When a gang of thieves began targeting nearby communities in 2009, Frenchman’s Creek began reassessing its security model. For years, security at the community consisted of eight-foot-tall chain link fences surrounding the perimeter, interior and exterior guard patrols during night hours, and three motion-detection sensors in areas prone to break-ins, according to Hall.

The club’s security team had to address many unique challenges when considering an upgrade, particularly with regard to the perimeter. The community is bordered by both roadways and water and is surrounded by heavy foliage, making the four-mile-long perimeter expensive to monitor, Hall tells Security Management.

The country club considered motion detection technology, which would alert security staff if sensors detected someone attempting to climb or cut a fence. They also considered laser beam sensors that would run parallel to the fences and send an alarm if the beam was broken.
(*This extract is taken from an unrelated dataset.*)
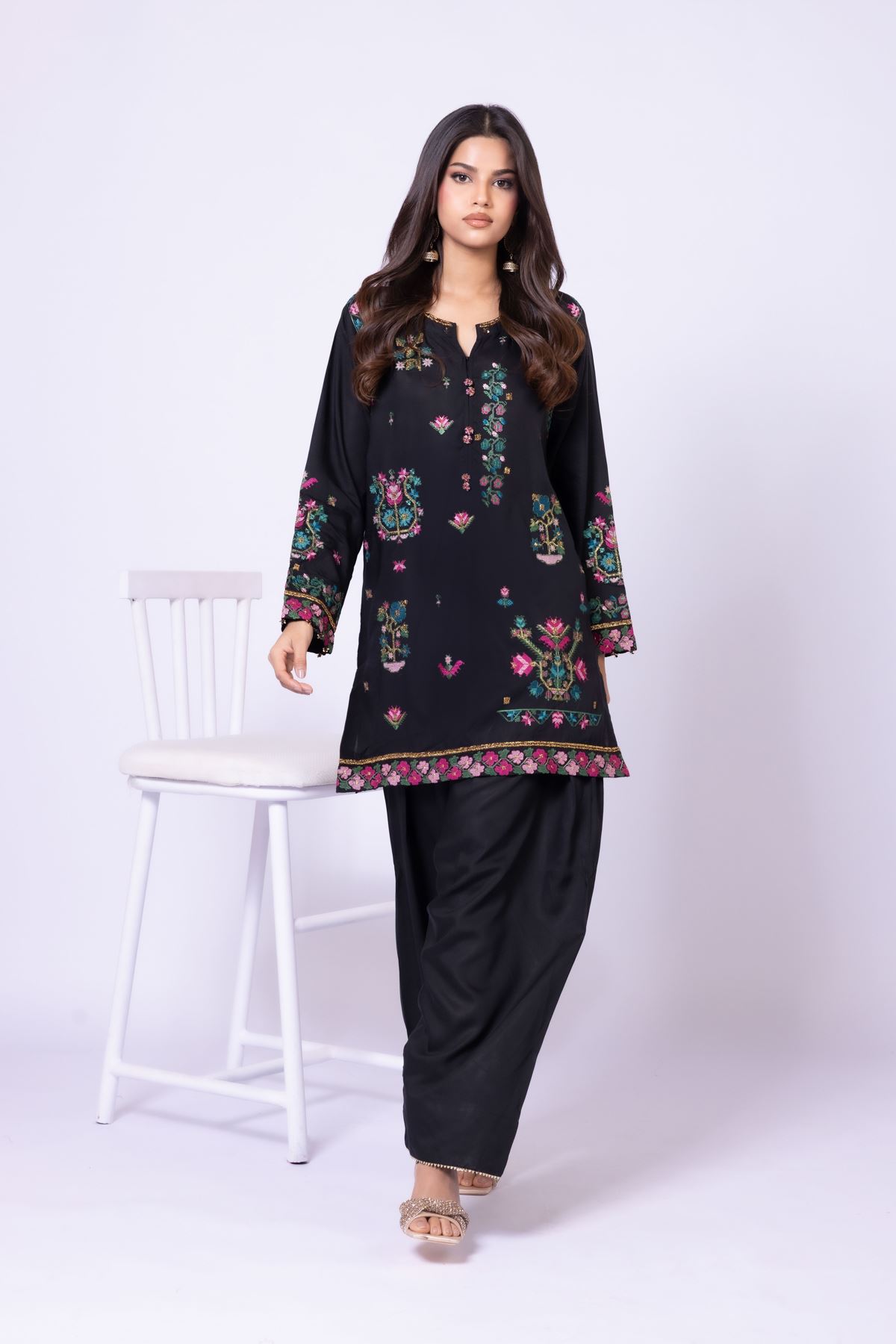 Embroidered Raw Silk Kurta - 25-09-11E5-03TA-VG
The problem with these technologies is that security personnel would have to respond to each and every alert, and with four miles of secured perimeter surrounded with wildlife and foliage, there would be a lot of false alarms, Hall says.

“When you start looking at the pros and cons of all the different perimeter protection systems that are out there, the shaker technology, the beams, et cetera, in the end, you still had to send somebody out to respond to the alerts,” Hall says. “We were looking to avoid the whole syndrome that occurs with the false alarms where your staff is doing nothing but responding to false alarms. It becomes a problem because they no longer want to respond or they don’t take the alarms seriously.”
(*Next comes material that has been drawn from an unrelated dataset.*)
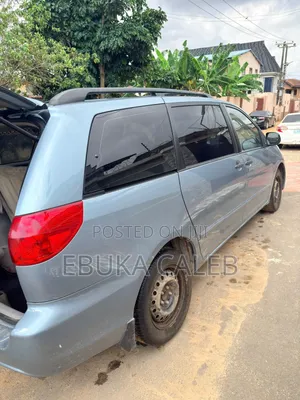 Toyota Sienna 2006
Instead, Frenchman’s Creek decided to combine 36 FLIR infrared cameras. To maximize the effectiveness of the system, Frenchman’s Creek built a secondary fence inside the 8-foot perimeter fence to create a “no man’s zone.” The network of cameras monitors that area, Hall explains. The cameras “see” activity based on heat signatures. The thermal cameras can detect heat signatures through dense foliage at distances of up to 2,000 feet, which cuts down on the number of cameras needed. They also work in all weather, says Hunter Robinson, a FLIR district sales manager who worked with Frenchman’s Creek. (Some visible light cameras also are used for daylight monitoring.)

The thermal cameras are integrated with the VideoIQ thermal analytics program, which uses more than 250,000 different algorithms to interpret and respond to the heat signatures the cameras are capturing. “The thermal cameras are a very good detector, but they need an analytic processor to decide what is a person and not a dog or cat,” Robinson says. “Our thermal analytics processor provides the intelligence for the security system and decides what should be classified as a threat, based on a number of criteria or rules that the guard staff requested,” he says.

When an event is triggered, the cameras send the imagery in a live feed to the main gatehouse, where it can be reviewed by guards, but the benefit of the system is that guards can be elsewhere and can get an alert if an event occurs that the system interprets as a threat. The alert includes details of what was detected, which camera spotted the object, and when the sighting occurred. “It lets you understand that if you do have a breach, what that breach is, if it’s one person, five people, what section it’s in, what direction they’re traveling. Things of that nature,” says Robinson.

Security personnel at Frenchman’s Creek are constantly busy with residents, contractors, and phone calls, so they don’t want to have to sit at the gatehouse watching feeds. This way, they can rely on the system to alert them if there is a real threat, Hall says.

If the cameras capture something that is not a threat, like an animal, it will be tracked on the live feed but an alarm will not be triggered. For example, if the program is told to only track humans and vehicles, the system will not sound an alarm if a dog crosses the camera’s path, Robinson says.

In the event of an alarm signaling a possible threat, guards will respond by calling law enforcement. They will also go to the area and form a security perimeter where the breach was detected while awaiting the arrival of the police. Thanks to the analytics program, security guards are able to tell officers the location and nature of the breach.

Frenchman’s Creek installed the FLIR cameras along a portion of the perimeter in late 2012 to test the system and completed installation on the rest of the property at the end of September 2013.

During the first month of using the new system, Hall and his staff had to “teach” the video analytics system what to look for, he says. When the cameras began detecting objects, staff had to tell the system whether those objects were threats or not.

“Initially, when the system is learning, it’s like a child, and you have to teach it what you want it to look for,” Hall explains. “The staff had to understand that by paying attention to it now and going through the teaching process, we will eliminate false alarms, and we will teach the system to do what we want it to do,” he notes.

It wasn’t easy at first. “Getting the staff on board, up to speed, educated, and getting them to understand this new technology was a bit of a challenge,” Hall says. “Now they understand it; they’re on board with it; they appreciate it because it stops them from going to false alarms and gives them a better view of when there are suspected breaches.”

The initial programming process when the system was learning took about 30 days, but Hall’s team is still fine-tuning the processor’s detection system, he says. The older motion detectors are still in place, and guards still patrol the perimeter, but Hall has been able to reduce the number of guards due to the new system.

Hall notes that thermal cameras are also mounted on all three patrol vehicles and five security golf carts, and guards can also use hand-held thermal cameras to track down objects without having to rely on any light or illumination. Guards used the mounted cameras to track down a subject who ran through the gates in the middle of the night and hid in the bushes. The system was also used to help find a resident who got lost on the property and called security for assistance.

Frenchman’s Creek is one of the first residential communities in the world to install such an advanced system, according to Robinson. Hall says the system has met and exceeded his expectations overall.